Night Murder on a Boat, 1850

I am making slow progress identifying this triptych, and the play it depicts. Likely it portrays the murder of the well-known courtesan Takao on the Sumida River. It may be the murderer is Tanizō, the retainer of daimyo lord Akingo Yorikane, seeking to avert Yorikane's destructive obsession with Takao.

Utagawa Kunisada inherited from his father a ferry service across the Sumida River, and this gave him a guaranteed annual income for most of his life. The resource may also have given him an intuition for the experience of being out on boats; he was able to translate into some wonderful boat imagery. Notice the swooping composition which emphasizes the experience of witnessing foul play out on the water in boats.

The Story of Tokijiro and Urazato (the dance play Akegarasu Hana no Nureginu)

From the kabuki play Akegarasu Yuki Urasato

Bandô Shûka I as Yamanaya Urazato,
Ichimura Uzaemon XIII as the child,
Ichikawa Danjūrō VIII as Kasugaya Tokijirô,
performed at the Ichimura Theater, 1851.
Diptych from the collection of Taylor MacNeil.

On a winter afternoon Urazato has been tied up in the back garden of the brothel where she works, punishment for her attempt to meet up with her lover Tokijiro. The diptych portrays the moment Tokijiro climbs the fence and rescues Urazato and their child. Their escape brings little relief. Realizing they have nowhere to flee, they take their own lives in an event of double suicide.

Imoseyama Onna Teikin (Adventures of Eboshiori Motome)

This triptych is beautiful. The balance of colors, lovely reds, pinks, and purples dancing along in delicate patterns before a spacious field of varied blue-green color, feels happy and care-free, like an escape to a fresh spring morning.

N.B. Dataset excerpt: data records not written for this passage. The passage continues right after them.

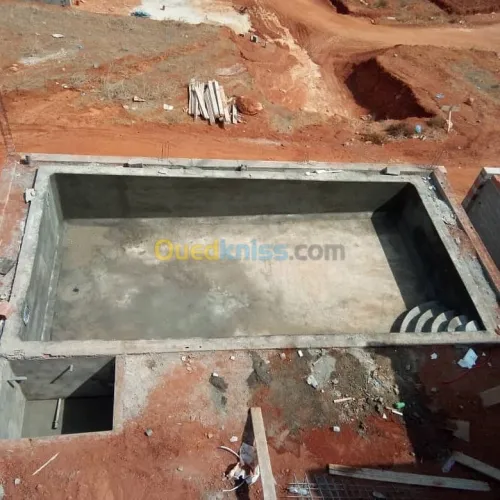 Construction; rénovation Piscines مسبح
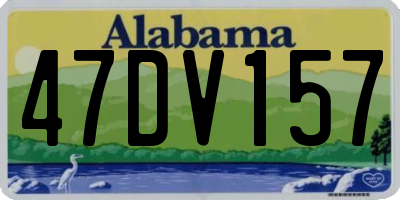 AL license plate 47DV157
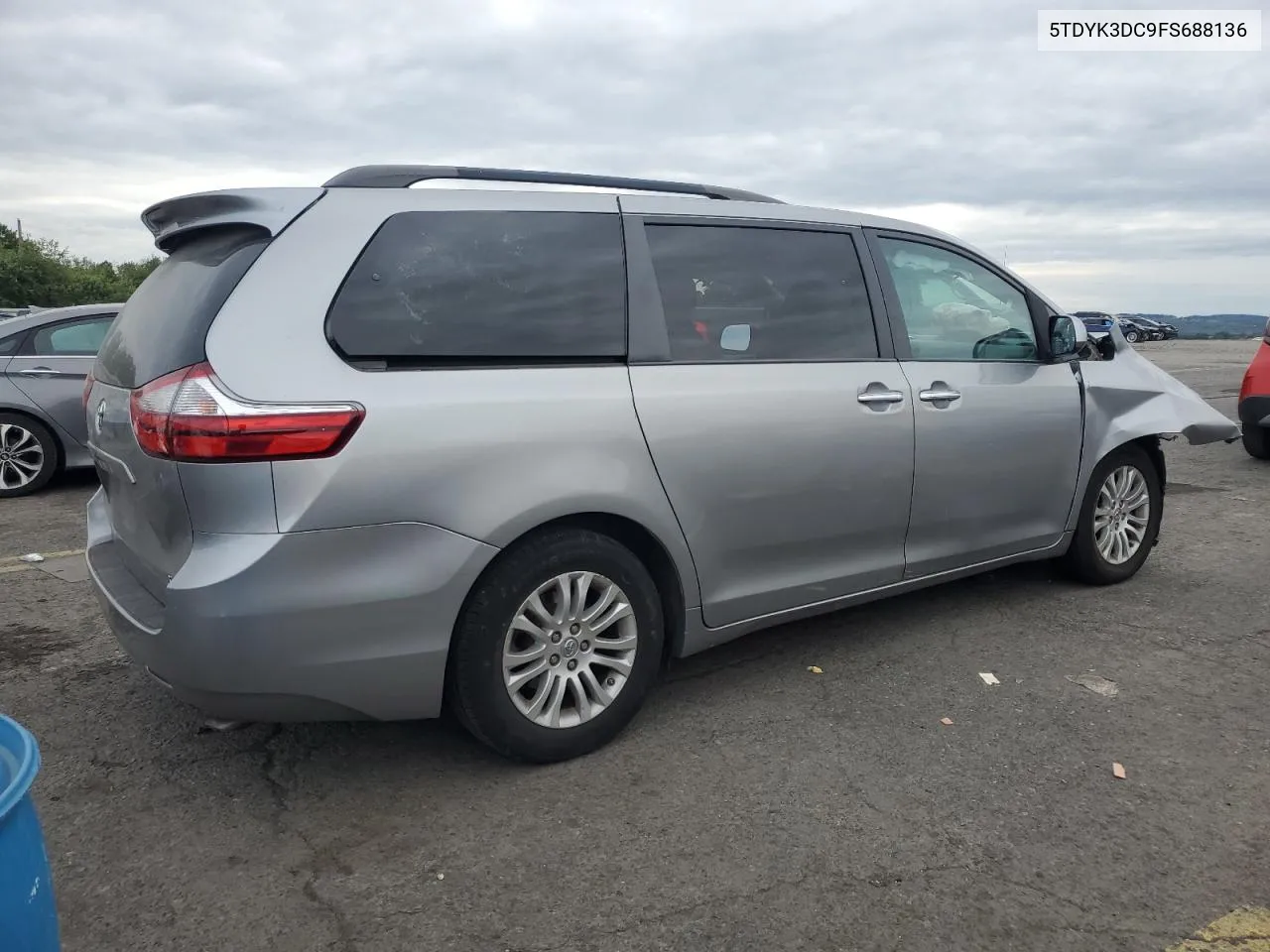 2015 Toyota Sienna Xle VIN: 5TDYK3DC9FS688136 Lot: 73419504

This play follows a love triangle between Motome, a disguised Princess Tachibana (sister to the villain, Soga no Iruka, who is attempting to overthrow the Emperor) and Omiwa, who lives next door to where Motome is living (Motome is living in hiding, seeking to avoid apprehension by Soga no Iruka).
The print depicts the 3rd scene of Act IV: “The Spool of Love Travel Dance" (Michiyuki Koi no Odamaki). Danjuro VIII, in the role of Motome, attaches a spool of red thread to Princess Tachibana's kimono to be able to follow her home following a night-time visit. Omiwa, Motome's lover, does the same, attaching a spool of white thread so she can follow Motome. All three end up at the palace of Iruka, and its then that sparks fly. Omiwa loses her life, but gains immortality by supplying blood which, in a convoluted way we can't figure out, allows for the overthrow of Iruka and his grasp on power.